Consumer protection is getting short-circuited on the Midwest electric grid, according to regulatory watchdogs in Minnesota and other states.
State officials, including Minnesota Commerce Commissioner Mike Rothman, whose agency regularly challenges utility rate hikes, say they lack the money and legal firepower to engage powerful utility interests in complex, multistate regulatory battles over grid and transmission costs.
The outcome of these obscure, high-stakes regulatory actions, including one that goes before an administrative judge in Washington, D.C., on Monday, can cost electric ratepayers hundreds of millions of dollars.

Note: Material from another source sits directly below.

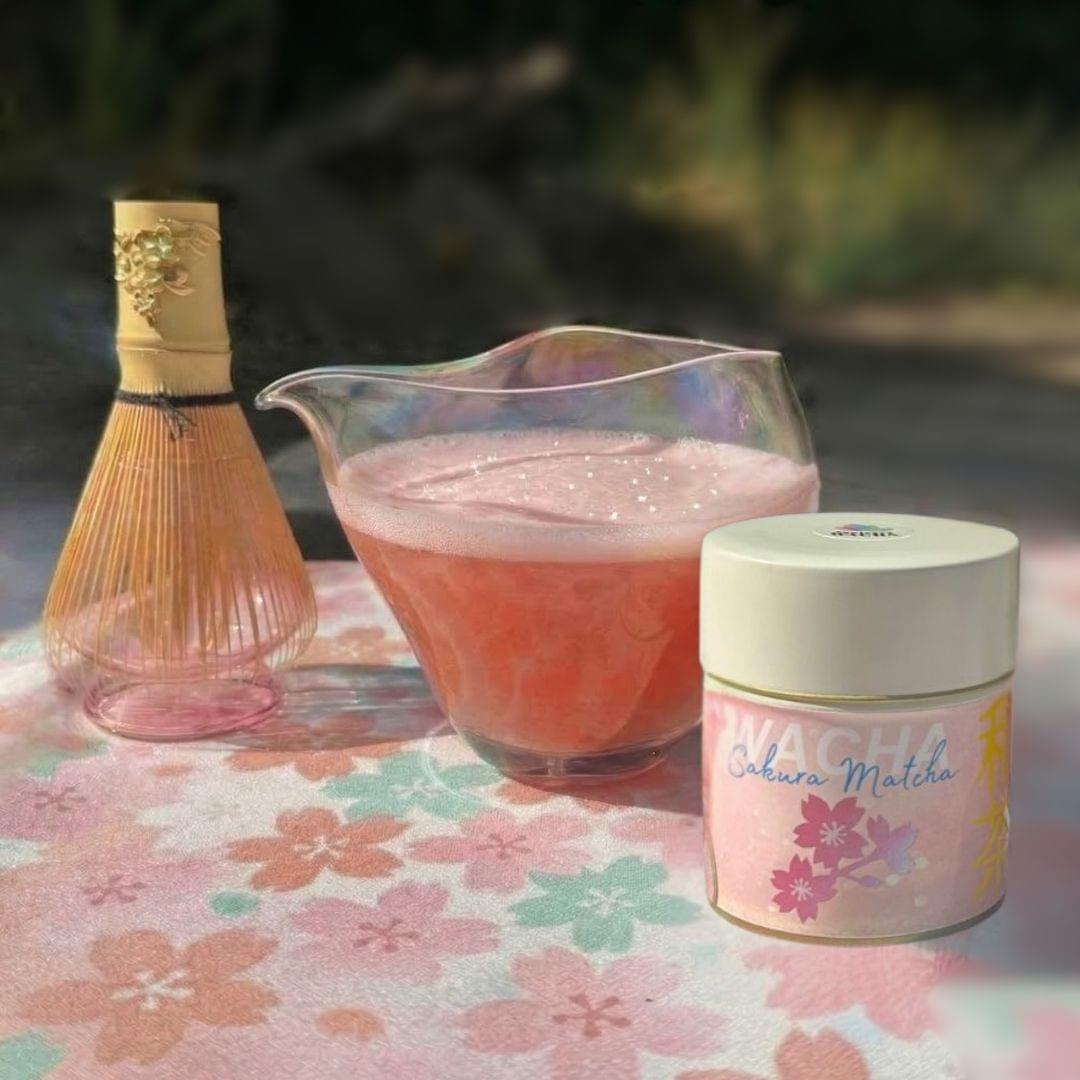WACHAの桜抹茶「SAKURA MATCHA」。ピンク色の抹茶ドリンクで、桜の花びらが浮かぶ春限定の一杯。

"It is significant to the public interest," Rothman said in an interview about consumer protection concerns that Minnesota and four other states raised in July with the Federal Energy Regulatory Commission (FERC), which oversees the power grid. "It is a significant issue."
A larger group of states, including Minnesota and led by Iowa's Office of Consumer Advocate, has forged a loose coalition to challenge what it alleges are excessive transmission-related charges authorized by federal regulators on the power grid serving 15 states.
Some states, also including Minnesota, seek a federal investigation of allegations that the grid's manager, the Midcontinent Independent System Operator (MISO), improperly structured a competitive bidding process and allowed an energy company to manipulate the electricity market, resulting in higher rates to consumers in Illinois. MISO, along with its market monitor and the energy company, Dynegy, have denied anything improper happened in what is known as a "capacity auction."
Most of the state officials questioning grid costs work in agencies that represent consumers in their states' utility regulation. As the multistate power grid has taken on greater importance, new battles over costs and fairness to consumers are emerging far from home.
In the case of alleged electric market manipulation in Illinois, for example, ratepayers outside of that state aren't directly affected. But state consumer advocates in Minnesota and other states say the case underscores weak consumer protections at MISO. So they have intervened on the side of the Illinois attorney general, Public Citizen and an Illinois electric cooperative in asking for a FERC investigation.